Zeldin is in position to earn the New York GOP’s nomination at its convention next week and has the backing of almost every country chapter.
The convention, which follows the Democrats’ equivalent event in Manhattan last week, is expected to run from Monday to Tuesday in Garden City, Long Island. Nick Langworthy, chairman of the New York GOP, quickly endorsed Esposito on Wednesday, another signal of Zeldin’s strength.
But Giuliani, whose father was New York City’s mayor from 1994 to 2001, has the highest favorability rating with Republican voters, according to the Siena poll.
Forty-seven percent of Republicans viewed Giuliani favorably in the survey, compared with 27% for Zeldin.

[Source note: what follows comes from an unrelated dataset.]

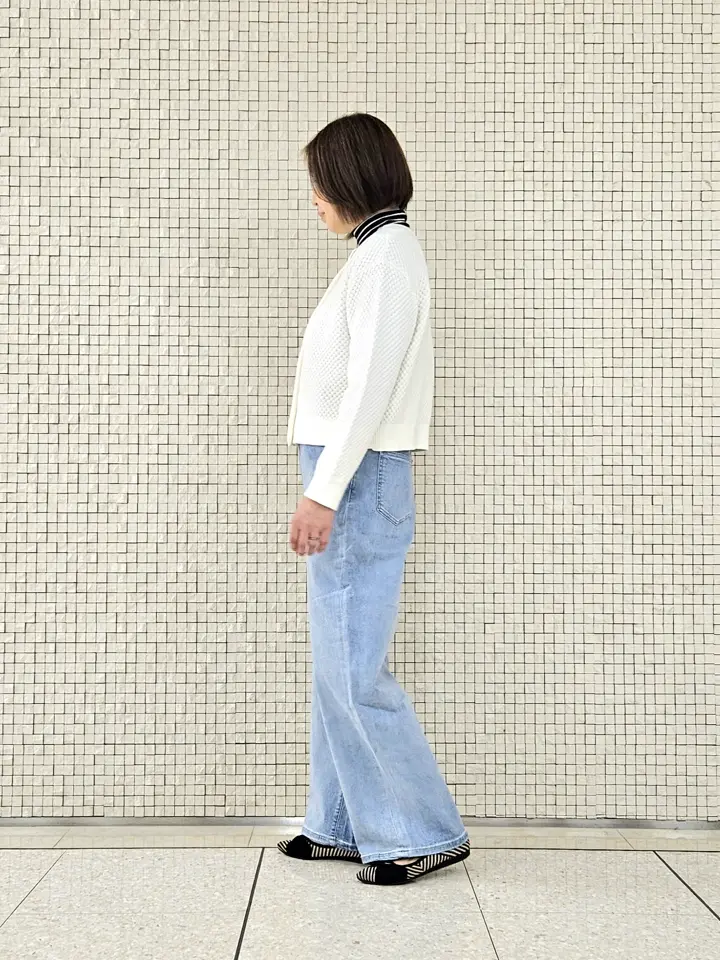 UNFILO 薬師寺 コーディネート画像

More Republicans had opinions on Giuliani, though. Twenty-one percent of Republicans viewed Astorino favorably, though most did not have an opinion.
Steven Greenberg, Siena’s pollster, said voters were responding to Giuliani’s last name.

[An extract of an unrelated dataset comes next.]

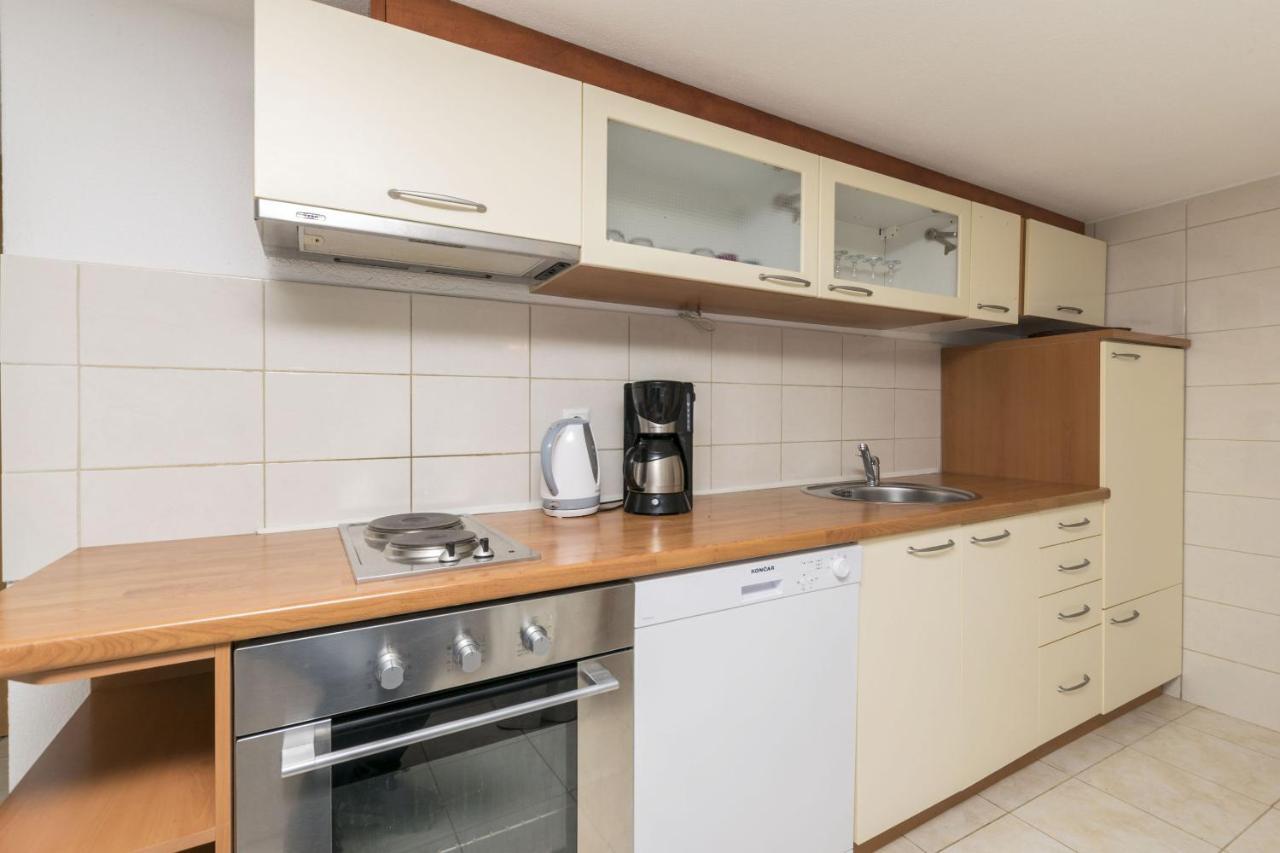 Apartments Dragica Donji Okrug  Extérieur photo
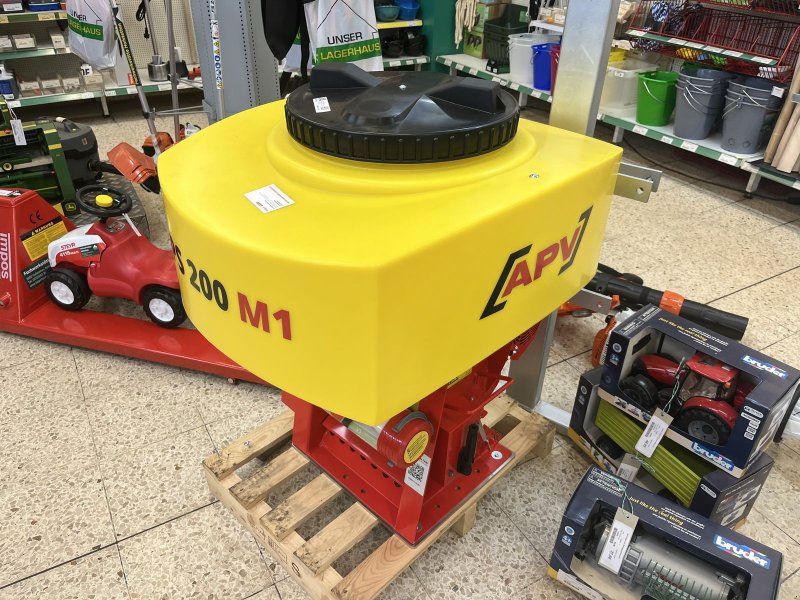 APV PS 200 M1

“This race is wide open,” Greenberg said, adding a riff on a Yogi Berra-ism. “Even though it’s getting late, it’s still really early.”
With a mouth that roars like his dad’s but little political experience, Giuliani launched his campaign last May, saying that crime was his top priority and that he expected his Trump-loving father to play a major role in his campaign.
The 36-year-old Giuliani was smacked with a flower pot while trying to break up a fight in Manhattan last month.
He has the support of Curtis Sliwa, the Republican nominee in New York City’s mayoral race last year, a potential boost downstate. But he could also irk liberal city voters with his unfounded claims that the 2020 presidential election results were unclear.
Astorino, the former Westchester County executive and onetime gubernatorial nominee, also launched his campaign last spring.
Astorino, 54, speaks Spanish and recognizes Biden as the winner of the 2020 race. The former radio producer said he expects to appeal to a spectrum of voters with his focus on crime and the economy.
“I’m going to build coalitions,” Astorino said Wednesday afternoon. “You have to do that as a Republican in this state.”
Whoever wins the nomination will battle the Democrats’ more than two-to-one advantage in New York voters registered to their party.
“It is an uphill climb for any Republican,” Greenberg said. “Who knows what the mood of voters will be come November? But they have their work cut out for them.”